Leading a team means you will invariably have someone or several people reporting directly to you.
The most important thing is to get the best out of your team members. This does not imply that you must constantly be directing them or chastising them when a job is not done to your satisfaction. The mantra of “others never do the job as well as I can, so it is not worth teaching or delegating to them, is part of the reason that team leaders often fail to get the best from their team. This “I will just do it myself” attitude renders them unable to build a strong and productive team. Instead, the leader must forego their ego and accept that the delegation process can be slow, acknowledging that at first they may have to receive work that may be at a lower level than their own.
Delegating tasks is a crucial part of achieving an objective and to developing strong independent workers who make decisions with confidence and authority, instilling greater competence and growth within them.

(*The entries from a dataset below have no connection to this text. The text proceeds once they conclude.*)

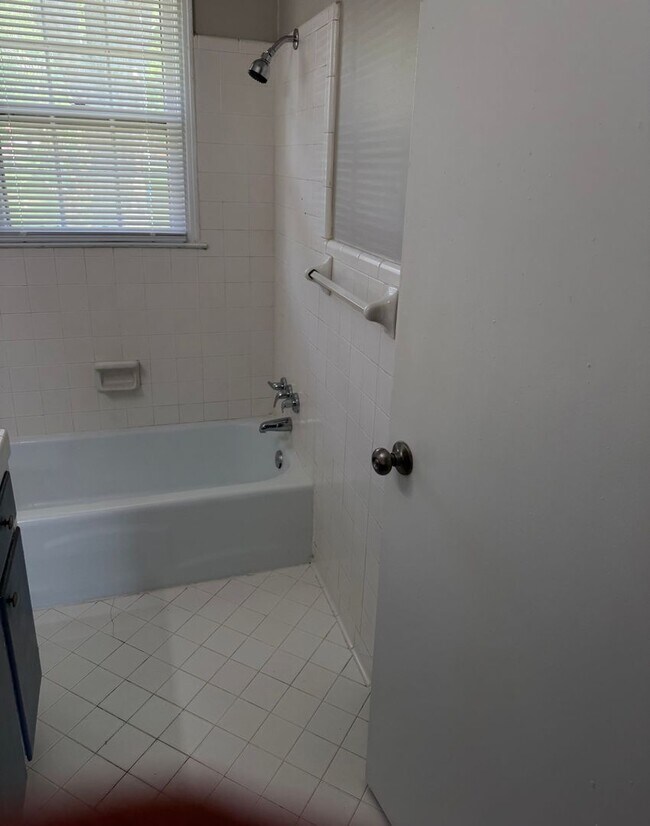 Building Photo - Charming 3-bedroom,1-bath home w/Detached garage for rent in Springfield, Tennessee.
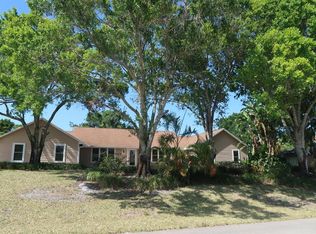 1087 NE Quinn Pl, Jensen Beach, FL 34957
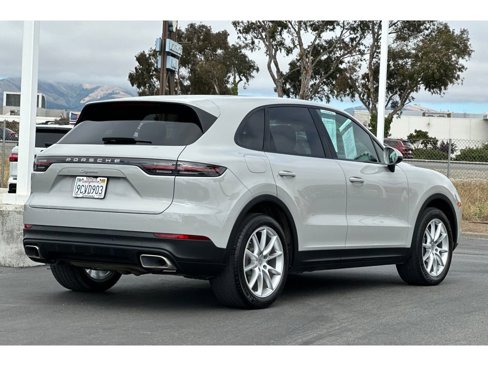 Used 2022 Porsche Cayenne image 4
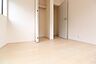 室内：独立性を高めたお部屋。たっぷりの収納も配備しており、片付いた空間を現実出来そう。陽光も降り注ぐ明るく開放的な空間が魅力的。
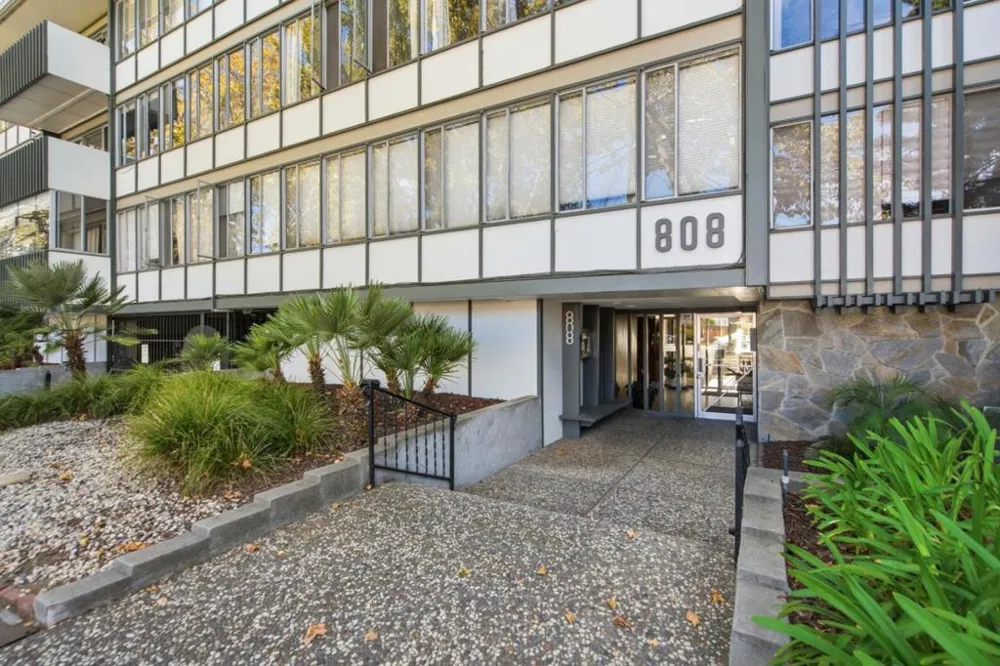 808 Laurel Avenue #202 San Mateo, CA 94401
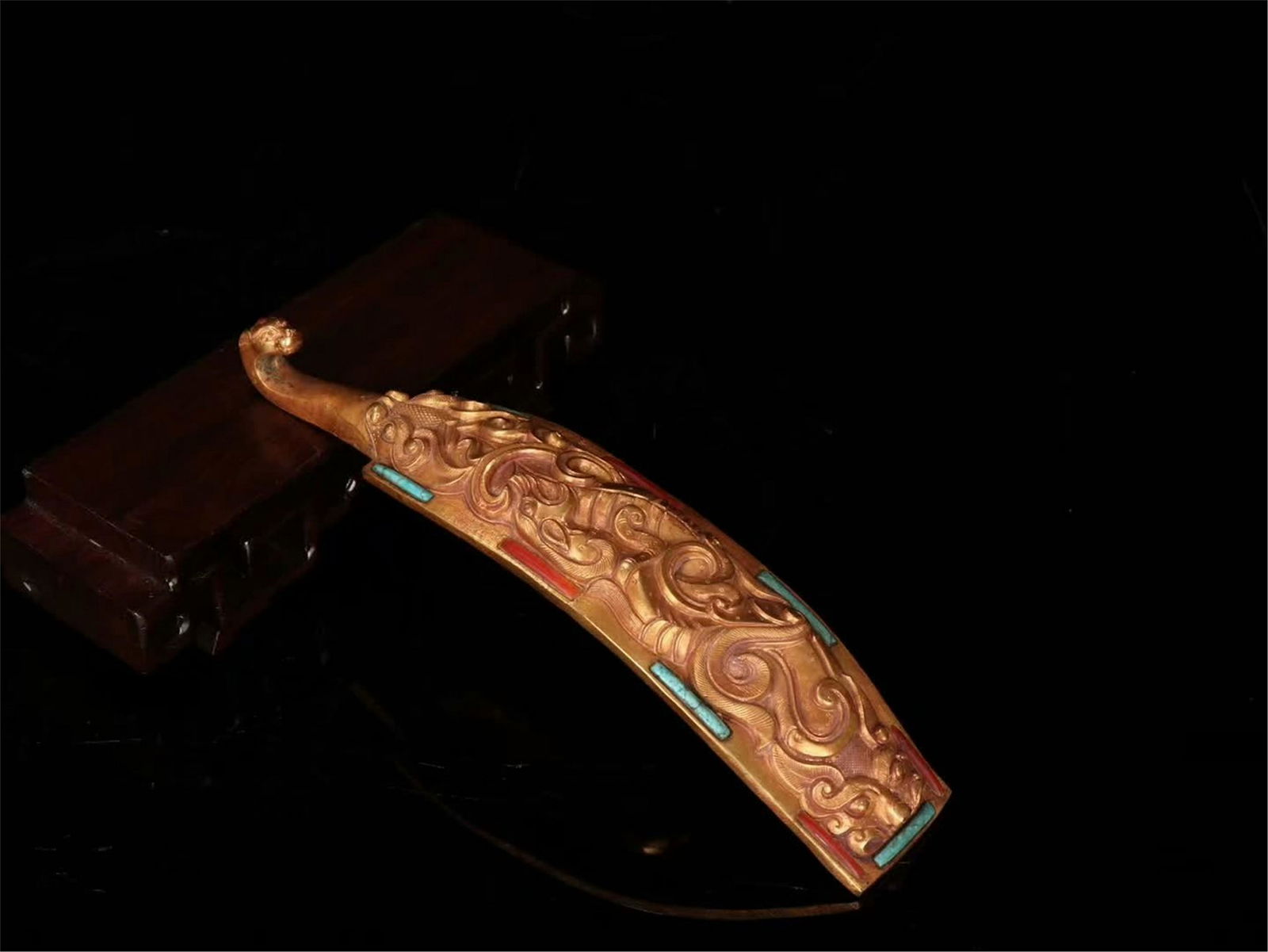 CHINESE TURQUOISE INLAID GILT BRONZE DRAGON BELT HOOK (1 of 9)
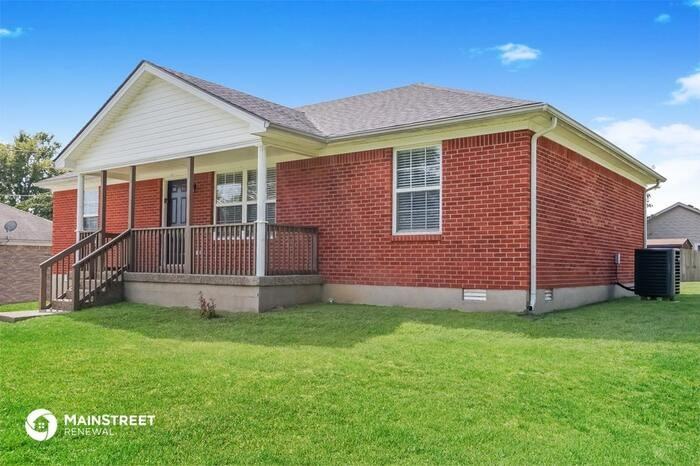 171 California Ave - Photo 3 of 16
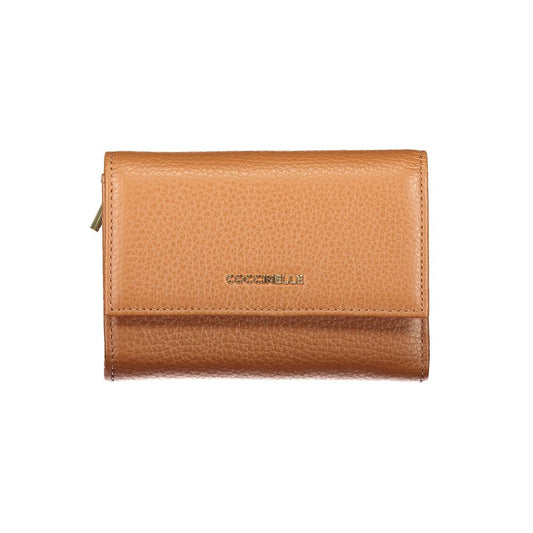 Coccinelle Brown Leather Women Wallet with zip and snap closure, showcasing Italy's craftsmanship and style, featuring iconic logo.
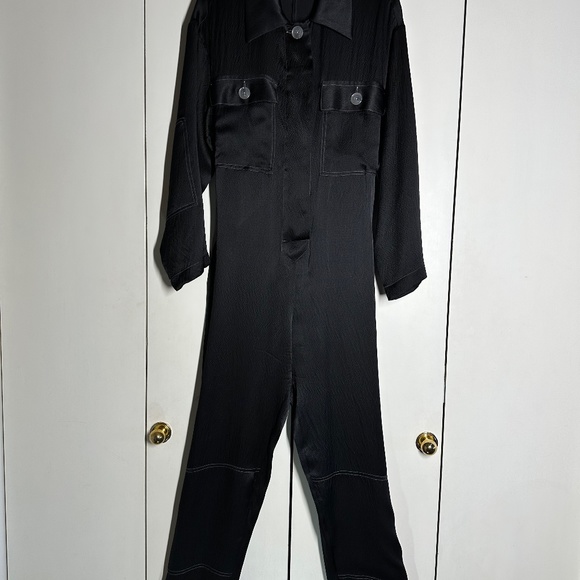 Beautiful black silk NO 6 STORE size 0 belted jumpsuit. - Picture 5 of 15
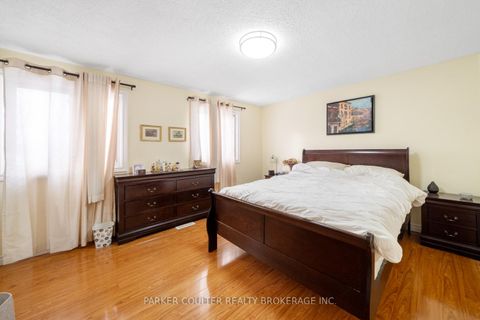 Photo 14 at 4 - 261 Rose Street, Wellington, Barrie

This said, it is still important to find the right balance of delegation. The lowest level is to tell somebody to do something and report back immediately. This base level delegation is common in parenting when teaching one’s child to be more independent. In contrast, the highest level of delegation is to trust your team to make decisions and report routinely about progress and outcomes.
My biggest bug bear with watching leaders delegate is to see them constantly undermining those in their team. This includes asking them several times about progress or even chasing up others to see if the task is done. Finally, what really irks me is when the leader has their direct report delegate a task/message to a subordinate, and the subordinate, unhappy with the task, bypasses the authority of the direct report and contests the leader. The issue then arises when the leader grants the subordinate's request without reference to their direct report. This is a breakdown in communication that shows little respect towards the direct report by both the subordinate and the leader themselves. This often leads to a lack of trust, unhappiness amongst team members and in a lot of cases, resignation.
The fabric of leadership is a fickle one, and the onus is on all parties to maintain balance.